Dégât des eaux : locataire ou propriétaire responsable ?
30/04/2026 -
À retenir
- La responsabilité dépend de l'origine de la fuite : le locataire est responsable en cas de négligence ou de défaut d'entretien courant, le propriétaire en cas de vétusté ou de problème structurel, et la copropriété si la fuite vient des parties communes.
- Chaque partie déclare à son propre assureur : locataire, propriétaire et syndic doivent chacun déclarer le sinistre dans un délai de 5 jours. Remplissez un constat amiable de dégât des eaux avec les personnes concernées.
- La convention IRSI simplifie les démarches : pour les sinistres inférieurs à 5 000 euros HT, un seul assureur gestionnaire (généralement celui du locataire) prend en charge l'ensemble de l'indemnisation.
- Agissez vite : coupez l'eau et l'électricité, épongez, prenez des photos des dégâts et prévenez votre propriétaire. Ne commencez pas les réparations définitives sans l'accord de votre assureur.

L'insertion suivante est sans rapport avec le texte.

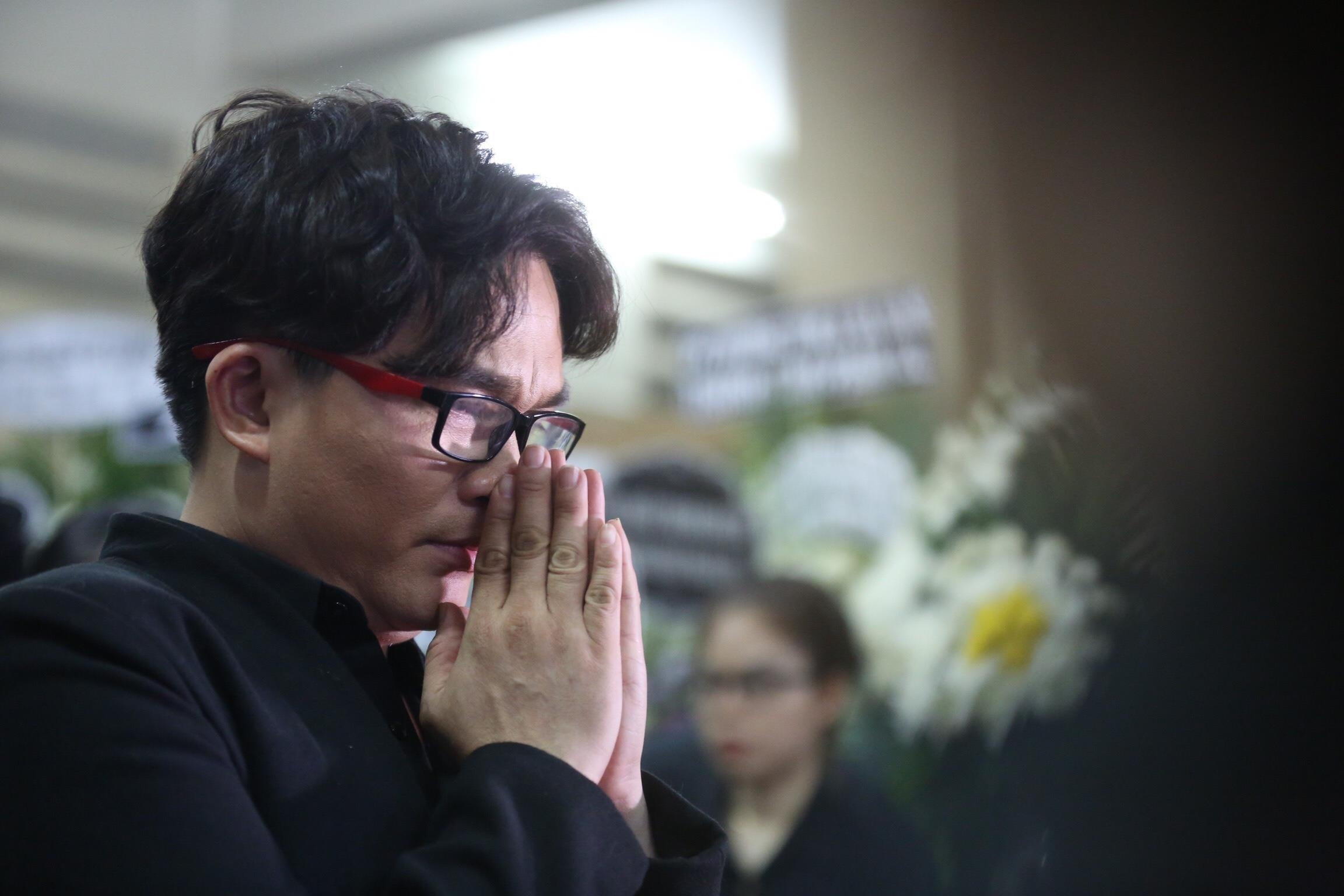 Nghe si den vieng Anh Vu anh 12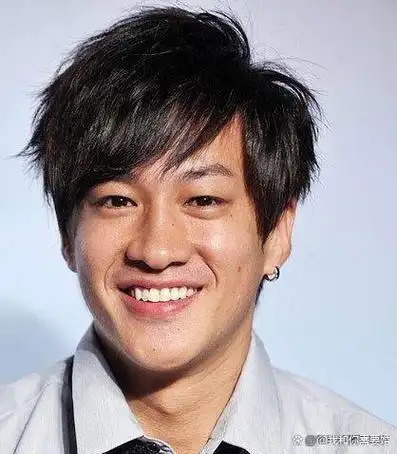 何润东我曾爱慕孙俪后来结婚身材发福妻子是我们熟悉的她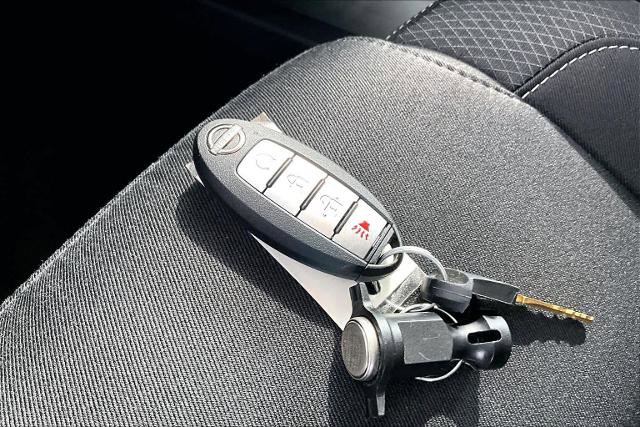 Certified 2022 Nissan Pathfinder SV FWD image 14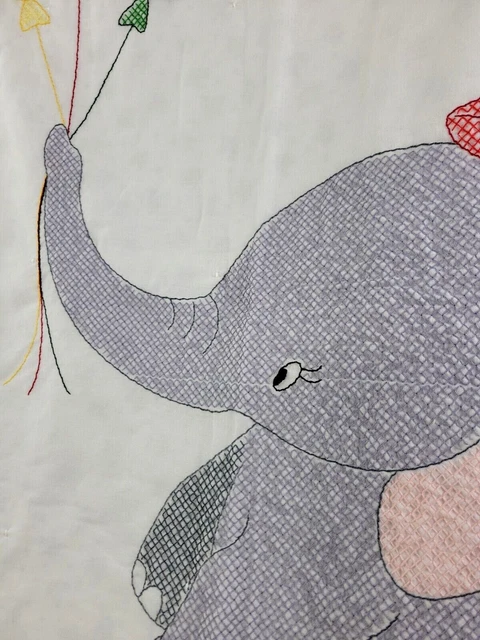 Cubierta de edredón para cuna de bebé con punta de cruz completa elefante flotante con globos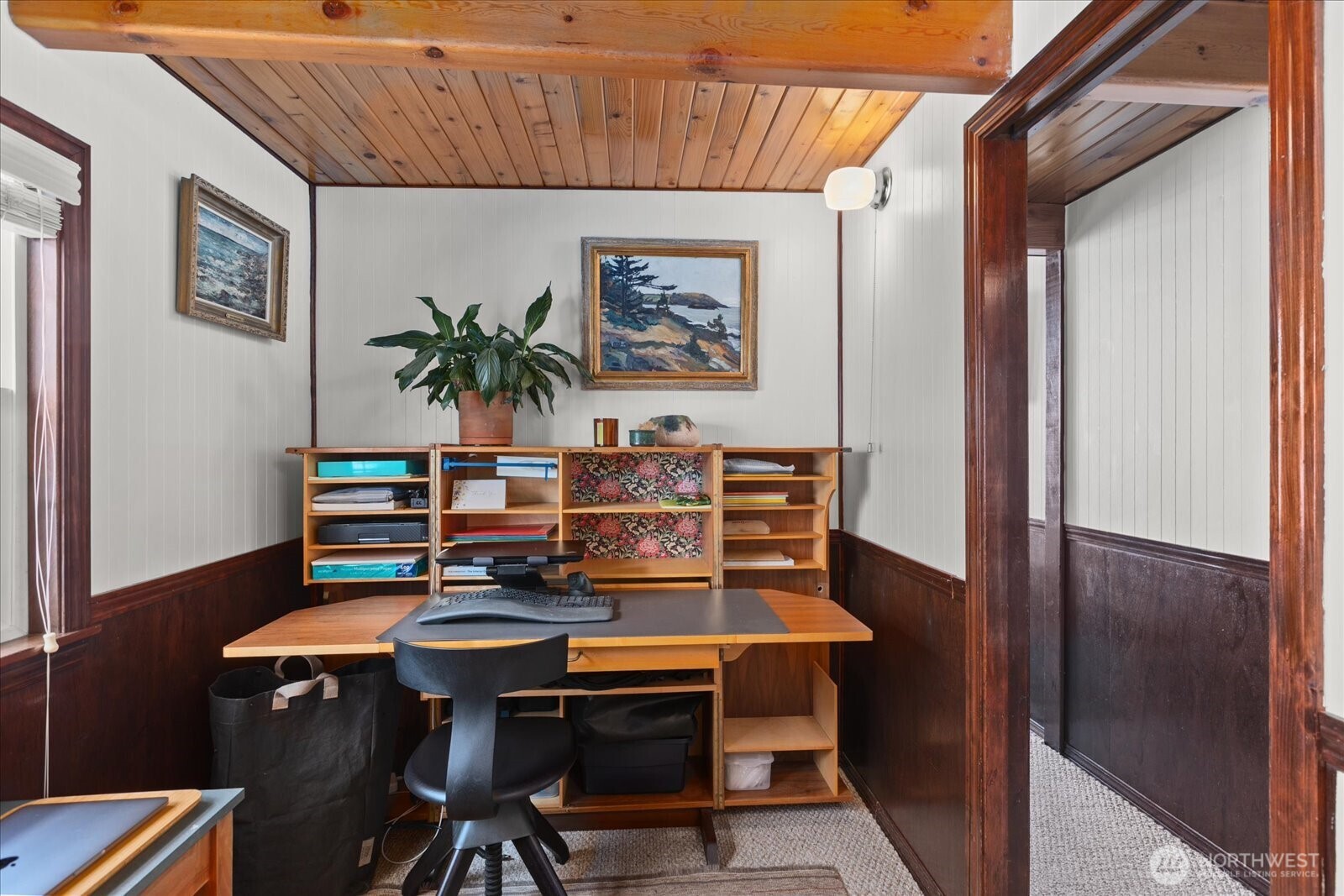 1900 Westlake Avenue N Unit: B11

Une tache d'humidité apparaît sur votre plafond, un filet d'eau s'écoule le long du mur... Le dégât des eaux est l'un des sinistres les plus fréquents dans un logement. Mais lorsque l'on est en location, une question se pose immédiatement : qui doit payer ? Qui est responsable entre le locataire et le propriétaire ? La réponse n'est pas toujours simple et dépend de l'origine de la fuite. Pas de panique, nous allons démêler ensemble les responsabilités de chacun et vous guider pas à pas dans les démarches à suivre.

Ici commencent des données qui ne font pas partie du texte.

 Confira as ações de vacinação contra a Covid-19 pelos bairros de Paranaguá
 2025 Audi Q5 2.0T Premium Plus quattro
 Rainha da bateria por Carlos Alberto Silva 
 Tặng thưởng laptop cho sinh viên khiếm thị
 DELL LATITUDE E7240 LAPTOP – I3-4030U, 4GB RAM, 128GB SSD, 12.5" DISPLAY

Qu'est-ce qu'un dégât des eaux pour l'assurance ?
Un dégât des eaux est défini comme un dommage matériel causé à un bien immobilier ou mobilier par l'action de l'eau. Cela couvre une large palette de situations :
- Les fuites d'eau (rupture de canalisation, débordement d'une machine à laver ou d'une baignoire).
- Les infiltrations (à travers la toiture ou les murs).
- Le débordement d'appareils comme un lave-linge ou un lave-vaisselle.
Votre contrat d'assurance habitation précise les critères exacts qui permettent l'indemnisation. Attention, certains dommages liés à l'eau sont exclus de cette garantie. Par exemple, les problèmes résultant de la condensation, de l'humidité ambiante ou des dégâts causés par un autre liquide que l'eau (comme du fioul) ne sont généralement pas considérés comme un dégât des eaux. De même, une inondation due à une catastrophe naturelle relève d'une garantie spécifique, activée uniquement par un arrêté interministériel.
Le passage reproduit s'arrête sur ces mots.